Arranca Pepe. Con Viento en el regazo se me atenúa la tristeza de abandonar el pueblo a escondidas y a medianoche, sin equipaje, como un prófugo. En realidad nunca he pertenecido a ninguna tierra ni a nadie. Mi querencia se reduce a una casa, a la fidelidad de los viejos afectos, a un puñado de recuerdos en gran medida recreados. Y he descargado en Salus buena parte de tristeza. Me asomo para dedicarle un último saludo: lo veo inmóvil, solo en la noche, y retrocede hasta el fondo de la plaza con el brazo levantado y extendido a la nada.

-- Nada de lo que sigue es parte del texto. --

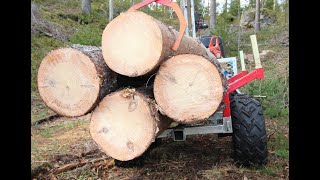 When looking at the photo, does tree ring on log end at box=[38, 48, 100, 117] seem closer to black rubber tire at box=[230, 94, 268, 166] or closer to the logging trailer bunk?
the logging trailer bunk

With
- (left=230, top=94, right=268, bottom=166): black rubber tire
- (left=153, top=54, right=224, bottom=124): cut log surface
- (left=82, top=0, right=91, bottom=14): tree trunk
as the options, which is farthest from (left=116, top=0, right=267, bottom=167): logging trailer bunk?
(left=82, top=0, right=91, bottom=14): tree trunk

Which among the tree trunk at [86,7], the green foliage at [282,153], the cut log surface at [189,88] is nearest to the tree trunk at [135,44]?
the cut log surface at [189,88]

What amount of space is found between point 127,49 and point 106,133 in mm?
856

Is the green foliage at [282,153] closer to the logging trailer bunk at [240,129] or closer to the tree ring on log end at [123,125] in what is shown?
the logging trailer bunk at [240,129]

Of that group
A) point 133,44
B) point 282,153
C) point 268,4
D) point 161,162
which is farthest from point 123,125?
point 268,4

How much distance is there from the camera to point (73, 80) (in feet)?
11.4

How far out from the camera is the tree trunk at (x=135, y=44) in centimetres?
329

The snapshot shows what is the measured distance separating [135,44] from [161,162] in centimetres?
201

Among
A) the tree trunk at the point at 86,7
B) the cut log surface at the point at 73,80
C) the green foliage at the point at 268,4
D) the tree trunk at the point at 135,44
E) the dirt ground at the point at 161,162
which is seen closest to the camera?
the tree trunk at the point at 135,44

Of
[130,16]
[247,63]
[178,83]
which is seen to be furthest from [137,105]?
[247,63]

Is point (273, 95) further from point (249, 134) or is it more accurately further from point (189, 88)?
point (189, 88)

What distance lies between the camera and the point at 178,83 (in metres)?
3.34

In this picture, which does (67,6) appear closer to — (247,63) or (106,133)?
(247,63)

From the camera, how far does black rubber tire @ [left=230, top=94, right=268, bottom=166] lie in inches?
164
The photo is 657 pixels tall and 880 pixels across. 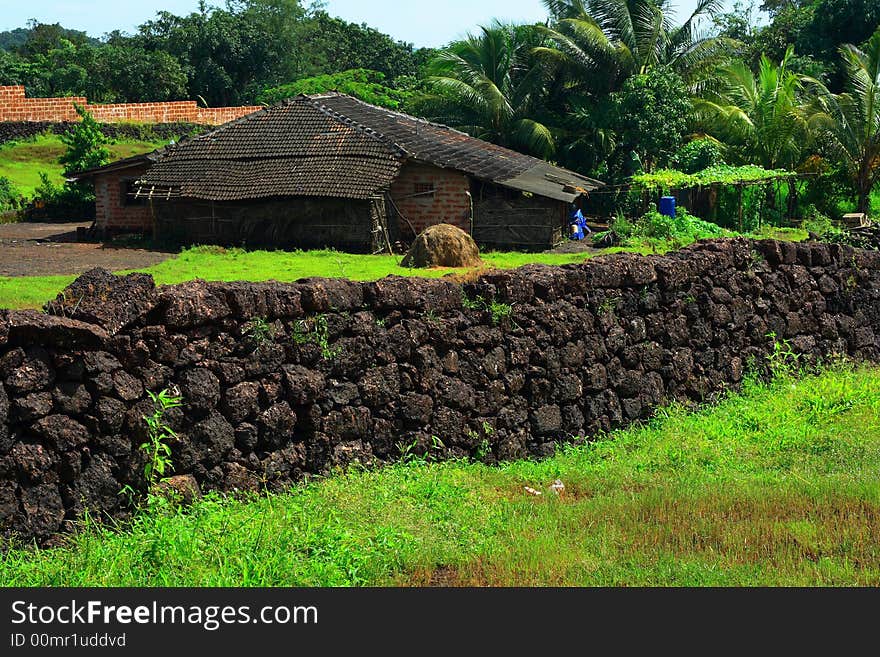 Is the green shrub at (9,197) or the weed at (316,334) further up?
the weed at (316,334)

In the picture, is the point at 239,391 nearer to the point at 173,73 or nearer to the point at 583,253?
the point at 583,253

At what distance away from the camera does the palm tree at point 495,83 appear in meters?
39.7

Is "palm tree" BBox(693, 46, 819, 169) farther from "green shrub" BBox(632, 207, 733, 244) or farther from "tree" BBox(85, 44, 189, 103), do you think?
"tree" BBox(85, 44, 189, 103)

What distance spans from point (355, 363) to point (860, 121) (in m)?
27.0

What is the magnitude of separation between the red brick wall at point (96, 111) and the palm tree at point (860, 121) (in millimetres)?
28516

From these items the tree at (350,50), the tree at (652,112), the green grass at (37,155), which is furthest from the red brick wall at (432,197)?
the tree at (350,50)

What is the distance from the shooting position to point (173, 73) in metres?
57.7

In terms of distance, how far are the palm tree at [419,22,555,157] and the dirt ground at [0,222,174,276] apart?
A: 15523 millimetres

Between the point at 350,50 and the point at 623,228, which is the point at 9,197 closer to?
the point at 623,228

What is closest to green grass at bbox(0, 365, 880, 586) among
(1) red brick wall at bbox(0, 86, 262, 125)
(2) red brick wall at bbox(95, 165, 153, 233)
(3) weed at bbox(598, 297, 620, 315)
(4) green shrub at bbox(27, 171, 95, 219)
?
(3) weed at bbox(598, 297, 620, 315)

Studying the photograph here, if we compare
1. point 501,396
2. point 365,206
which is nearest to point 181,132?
point 365,206

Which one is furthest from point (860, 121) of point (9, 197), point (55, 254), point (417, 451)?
point (9, 197)

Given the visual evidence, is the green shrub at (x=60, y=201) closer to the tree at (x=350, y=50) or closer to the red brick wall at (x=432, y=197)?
the red brick wall at (x=432, y=197)

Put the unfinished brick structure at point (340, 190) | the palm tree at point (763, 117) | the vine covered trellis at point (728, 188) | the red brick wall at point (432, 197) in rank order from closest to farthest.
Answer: the unfinished brick structure at point (340, 190)
the red brick wall at point (432, 197)
the vine covered trellis at point (728, 188)
the palm tree at point (763, 117) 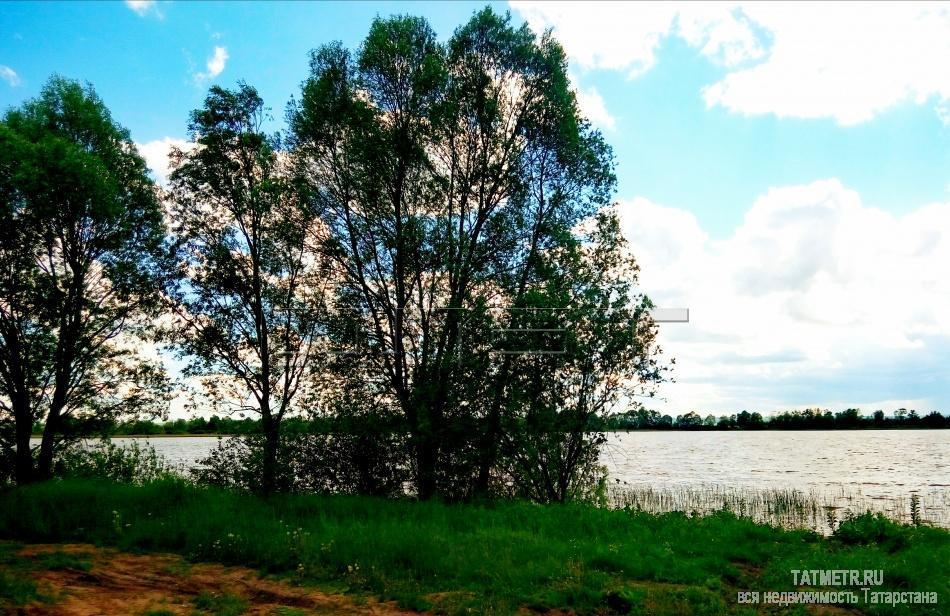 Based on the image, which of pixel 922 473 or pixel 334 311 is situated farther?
pixel 922 473

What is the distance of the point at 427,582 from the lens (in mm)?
8281

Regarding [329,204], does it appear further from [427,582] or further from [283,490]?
[427,582]

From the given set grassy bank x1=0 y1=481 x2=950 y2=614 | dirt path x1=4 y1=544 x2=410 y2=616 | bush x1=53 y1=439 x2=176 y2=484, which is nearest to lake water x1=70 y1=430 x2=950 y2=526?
bush x1=53 y1=439 x2=176 y2=484

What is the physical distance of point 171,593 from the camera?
7.80 meters

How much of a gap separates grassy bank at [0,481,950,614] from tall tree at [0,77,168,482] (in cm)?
645

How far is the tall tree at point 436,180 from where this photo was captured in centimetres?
1673

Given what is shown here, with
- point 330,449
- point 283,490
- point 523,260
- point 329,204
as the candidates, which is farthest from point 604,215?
point 283,490

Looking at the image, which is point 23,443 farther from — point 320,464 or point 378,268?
point 378,268

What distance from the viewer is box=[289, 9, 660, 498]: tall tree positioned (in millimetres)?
16734

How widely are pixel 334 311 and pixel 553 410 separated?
25.8 ft

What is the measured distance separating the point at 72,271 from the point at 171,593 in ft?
52.9

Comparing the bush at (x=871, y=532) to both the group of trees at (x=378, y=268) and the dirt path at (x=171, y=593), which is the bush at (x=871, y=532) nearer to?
the group of trees at (x=378, y=268)

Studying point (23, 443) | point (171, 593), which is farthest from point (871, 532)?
point (23, 443)

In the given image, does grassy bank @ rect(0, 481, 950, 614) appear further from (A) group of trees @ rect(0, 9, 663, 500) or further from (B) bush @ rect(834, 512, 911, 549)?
(A) group of trees @ rect(0, 9, 663, 500) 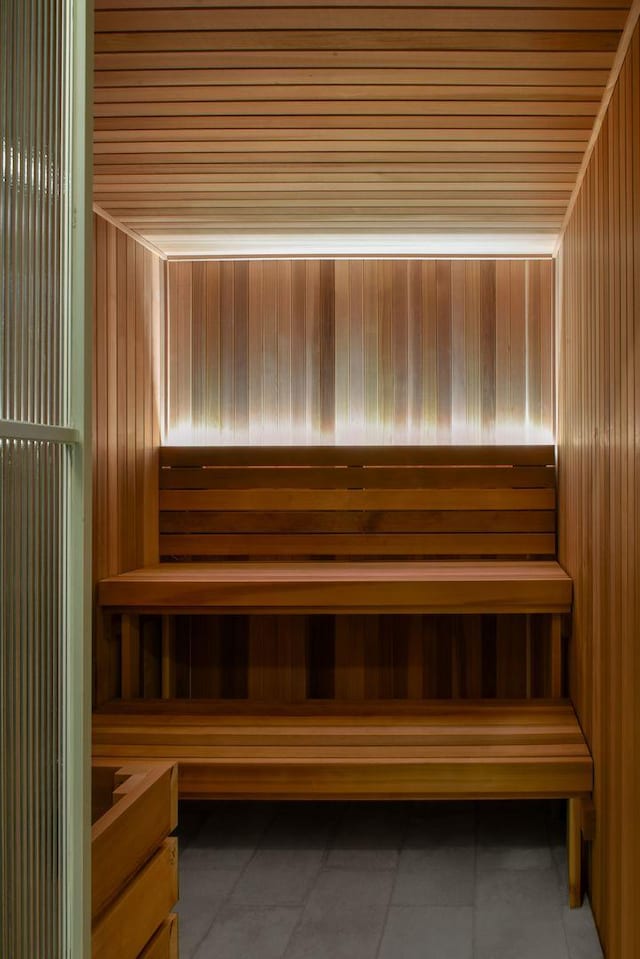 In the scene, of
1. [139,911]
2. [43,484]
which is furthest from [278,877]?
[43,484]

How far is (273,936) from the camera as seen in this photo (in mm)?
2734

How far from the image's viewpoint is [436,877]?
312cm

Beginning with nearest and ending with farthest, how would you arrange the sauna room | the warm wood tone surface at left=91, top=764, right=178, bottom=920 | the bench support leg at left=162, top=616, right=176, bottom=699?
the sauna room, the warm wood tone surface at left=91, top=764, right=178, bottom=920, the bench support leg at left=162, top=616, right=176, bottom=699

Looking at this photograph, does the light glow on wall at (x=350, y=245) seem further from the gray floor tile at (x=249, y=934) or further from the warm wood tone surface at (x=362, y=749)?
the gray floor tile at (x=249, y=934)

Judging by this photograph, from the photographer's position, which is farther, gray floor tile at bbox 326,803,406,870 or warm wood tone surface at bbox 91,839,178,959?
gray floor tile at bbox 326,803,406,870

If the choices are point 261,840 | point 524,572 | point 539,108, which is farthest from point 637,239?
point 261,840

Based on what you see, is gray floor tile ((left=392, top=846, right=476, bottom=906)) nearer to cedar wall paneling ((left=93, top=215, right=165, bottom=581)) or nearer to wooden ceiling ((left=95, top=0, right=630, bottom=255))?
cedar wall paneling ((left=93, top=215, right=165, bottom=581))

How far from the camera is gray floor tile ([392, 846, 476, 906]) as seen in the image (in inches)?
116

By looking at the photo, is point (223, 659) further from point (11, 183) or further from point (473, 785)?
point (11, 183)

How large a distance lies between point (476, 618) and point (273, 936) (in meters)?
1.84

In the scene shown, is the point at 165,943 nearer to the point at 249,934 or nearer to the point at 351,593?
the point at 249,934

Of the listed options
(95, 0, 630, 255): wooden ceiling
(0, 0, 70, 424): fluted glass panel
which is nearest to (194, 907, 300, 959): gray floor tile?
(0, 0, 70, 424): fluted glass panel

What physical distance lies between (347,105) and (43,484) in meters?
1.75

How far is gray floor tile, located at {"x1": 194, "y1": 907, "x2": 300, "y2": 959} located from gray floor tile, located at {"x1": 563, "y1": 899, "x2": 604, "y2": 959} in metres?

-Bueno, por fin han controlado de verdad el fuego –comenta Pepe al volante. Próximo a su destino, el mentado burdel de carretera, se ha desabrochado los botones superiores de la camisa de volantes para lucir entre la pelambrera del pecho de lobo la virgen auspiciadora de una medalla de plata-. Los bomberos dicen que la otra vez se reavivó por causas naturales, el viento y esta sequedad que tenemos. Todavía no está extinguido del todo, pero ya solo es cuestión de tiempo. Incluso han detenido al culpable de haberlo provocado.
-Ah, no sabía. Estos días he estado algo aislado.
-Ha sido el Farias. No sé si lo conoces, es el tonto del pueblo, ése que a todo el mundo le pide un puro. Él mismo ha confesado.
-Si está trastornado, puede que su confesión no sea tan fiable.
-Han encontrado gasolina en su choza. Lo indignante es todo lo que en la plaza se ha dicho en contra del Tuerto, el dueño de las tierras –quizá por la pasión o por la cercanía del local, conduce con intensidad inusitada, los nudillos se le blanquean de tanto apretar el volante, vibra el asiento y venciéndose a uno y otro lado traza con el cuerpo el dibujo de las curvas-. Que si quemó la alameda para que se la recalificaran, que si tenía la madera asegurada por encima de su precio, que si prendió el depósito de neumáticos para vengarse del dueño, en fin… Y cuando supieron que el Tuerto estaba de viaje  dijeron que era una coartada y que había encomendado prender el fuego a un cómplice. Algunos incluso se han atrevido a mencionar a Salus. Como el pobre es como es, todos se ceban en él. En cuanto pasa algo lo convierten en el chivo expiatorio. Y ahora, con la detención del Farias, nadie se acuerda de haber dicho nada… ¿Ves esa luz roja? Salus dice que andas justo de parné.
-Sí, te espero aquí.
-Yo también tengo el presupuesto ajustado, así que  no será más de media hora.